Arrêt non encore publié

Résolution judiciaire d’un contrat de licence de progiciels

Dans un arrêt du 29 avril 2014, la Cour de cassation a rejeté le pourvoi formé à l'encontre d'un arrêt de la Cour d'appel de Grenoble qui avait prononcé la résolution judiciaire d'un contrat de licences d'exploitation de progiciels aux torts du prestataire informatique. En l'espèce, le contrat conclu entre le prestataire et une clinique "pour la refonte de [son] système d'information hospitalier" avait été résilié par cette dernière, au motif de retards et de dysfonctionnements. Le prestataire l’avait alors assignée en paiement des sommes dues au titre du contrat, mais avait été débouté de ses demandes en appel. La Cour a confirmé le raisonnement de la Cour d'appel qui avait notamment constaté que "si les dysfonctionnements (…) pouvaient être aisément réparés (…) les échanges entre les parties révélaient que la clinique n'avait pas reçu à toutes ses demandes de corrections, des réponses adéquates, rapides et formalisées". De plus, "l'importance et le nombre de dysfonctionnements constatés (…) ont conduit l'expert à estimer que le produit (…) livré n'était pas opérationnel".
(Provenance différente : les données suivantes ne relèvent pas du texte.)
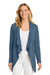 Port Authority LK820 Womens Breakwater Open Front Long Sleeve Cardigan Sweater w/ Pockets Dusk Blue Model Front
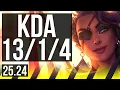SAMIRA \u0026 Nautilus vs YUNARA \u0026 Lulu (ADC) | Good KDA: 13/1/4 | KR Master | 25.24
Pour lire l'arrêt sur Légifrance

Résolution d’un contrat d’installation d’un logiciel

Dans un jugement du 13 mai 2014, le TGI de Paris a ordonné la résolution d'un contrat d'installation d'un logiciel, aux torts du prestataire informatique. En l'espèce, un cabinet d'avocats avait conclu un contrat avec une société de services en ingénierie informatique, afin de permettre la "synchronisation, en temps réel, des agendas du cabinet et ceux des avocats en déplacement, via leurs Iphones". Or, le Tribunal relève que la fonctionnalité décrite sur la plaquette publicitaire du prestataire n'a pas fonctionné. Il considère alors qu'il incombait à la société informatique "en sa qualité de professionnelle, de s'enquérir des spécificités de sa cliente" et qu'elle ne pouvait soutenir qu'il appartenait au cabinet "de souligner que cette fonctionnalité était essentielle et non pas accessoire". Il a ajouté qu'elle "ne [pouvait] se borner, en inversant les rôles, à dire que chacun [savait] qu'Apple modifi[ait] ses logiciels deux fois par an et qu'il fallait s'attendre à des changements, alors que c'était à elle, en premier lieu, de s'informer des transformations à intervenir, de les intégrer dans ses projets d'installation et d'en prévenir, en temps utile, son client, en remédiant immédiatement aux difficultés qui viendraient à lui être signalées".